Gibson Distilling is an Alabama Maker barreling bourbon and bottling moonshine in the Wiregrass

Michael Tomberlin

Gibson Distilling Inc. (Headland)

The Makers: Lloyd and Kay Keel

Gibson Distilling in Headland is out to make drinking Alabama-made whiskey not only tasty and fun, but downright patriotic.

The distilling company recently released its latest offering – an unaged corn whiskey made with red, white and blue corn – just in time for the Fourth of July.

It joins a pretty robust product line for a small distillery in a small Alabama town.

It’s all a surprise to owners Lloyd and Kay Keel, who are amazed and thankful at how fast the business is growing.

The products are sold under the George Gibson label. “George” is Lloyd’s first name and “Gibson” comes from a local man who may have known a thing or two about moonshining. The new red, white and blue whiskey carries a George Keel label, after Lloyd, the master distiller.
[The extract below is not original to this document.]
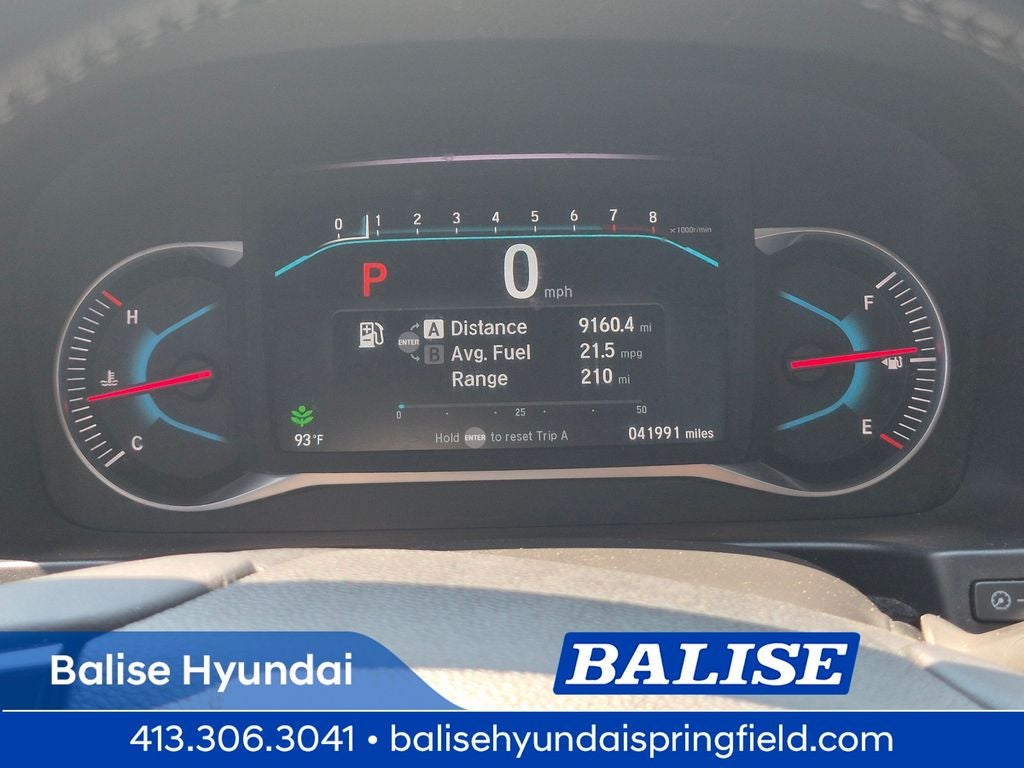 2022 Honda Pilot Touring 7 Passenger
Gibson Distilling Company is an Alabama moonshine maker with a flair for flavors from Alabama NewsCenter on Vimeo.

For Keel, making whiskey is something he has … uh … experimented with since the 1970s. He studied the process and had a lot of trial and error before he felt like he had something others would want to buy. He got a federal permit in 2014 and started making and barreling his first bourbon.

“It’s like a chemistry set,” he said. “You get to go out and experiment and do different things.”

He had to wait two years for it to age before he could start bottling and selling that first batch.

When he did, it was more popular than he expected. After a few calculations, he realized he was going to sell out of the bourbon and rye whiskeys before his next batches would age out.

“It’s a little difficult to forecast your demand” two years out, he said.

That’s when Keel focused on vodka, gin and flavored moonshines.

“Those have been a really good business decision,” Keel said. “We’re selling a lot of the flavored products now. People just love our vodka and we have our gin and we sell a lot of gin, too.”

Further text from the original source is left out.